**DATA IN THIS EXERCISE:**
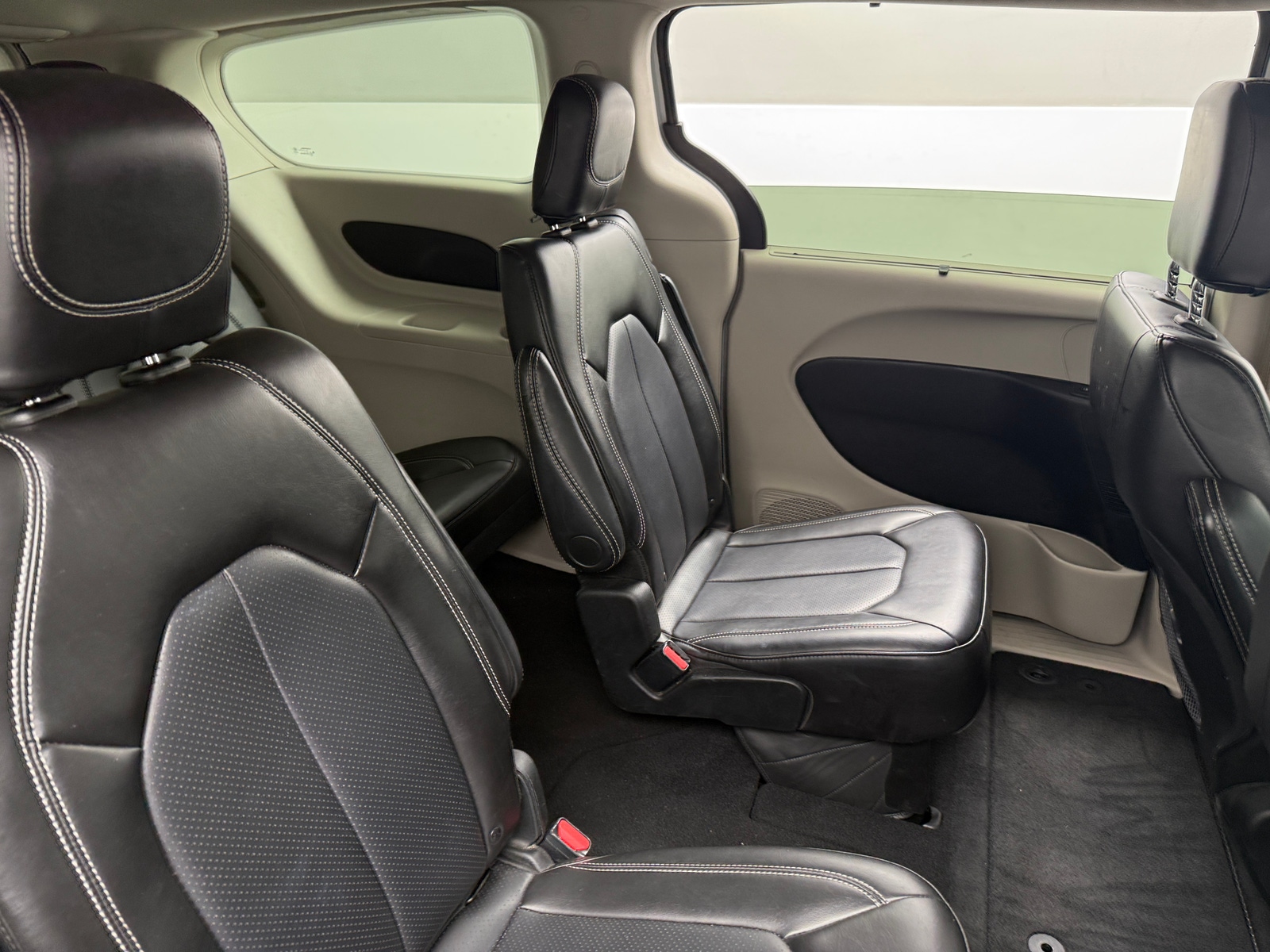 Thumbnail: 2024 Chrysler Pacifica - 5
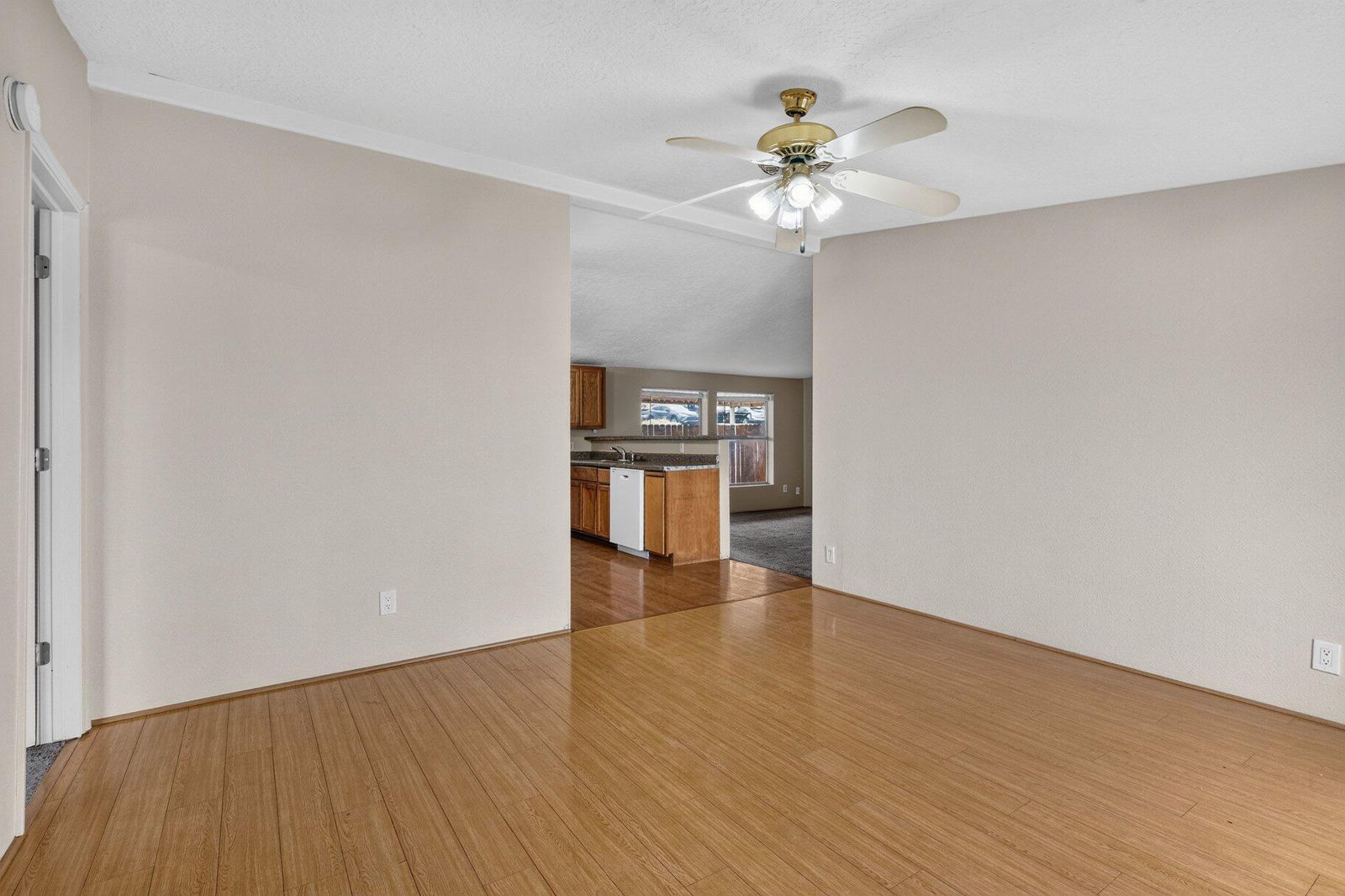 340 E Telegraph ST, Washington, photo 5 of 32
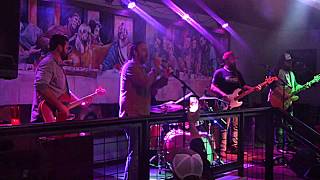 Chris Sartin and SoulShine Family Band feat. Pryor Baird - Keep Me Wondering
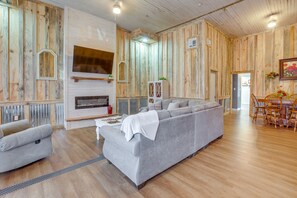 Living Room | Free WiFi | Smart TV | Electric Fireplace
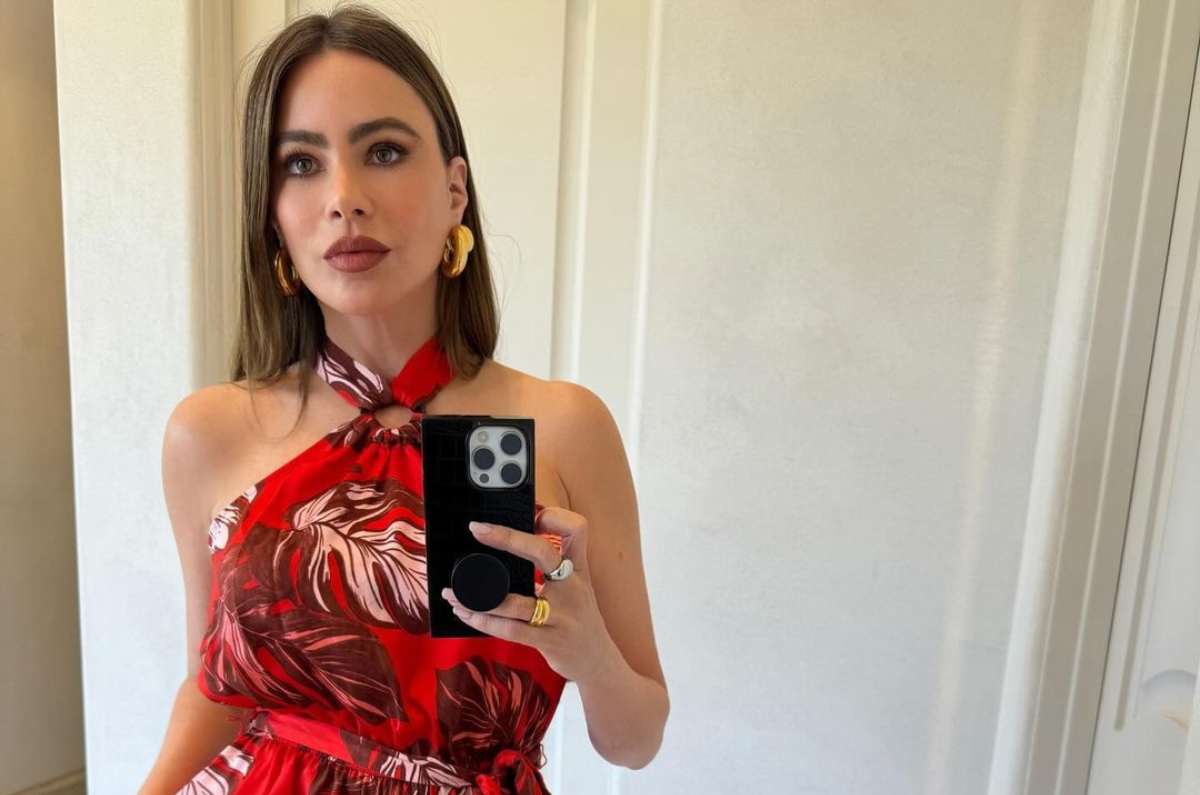 Sofía Vergara en maxivestido y tenis blancos: el look ideal del verano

**TASK:** Could you return the whole listing exactly, with every picture removed?

**RESPONSE BOX:**
 Thumbnail: 2024 Chrysler Pacifica - 5
 340 E Telegraph ST, Washington, photo 5 of 32
 Chris Sartin and SoulShine Family Band feat. Pryor Baird - Keep Me Wondering
 Living Room | Free WiFi | Smart TV | Electric Fireplace
 Sofía Vergara en maxivestido y tenis blancos: el look ideal del verano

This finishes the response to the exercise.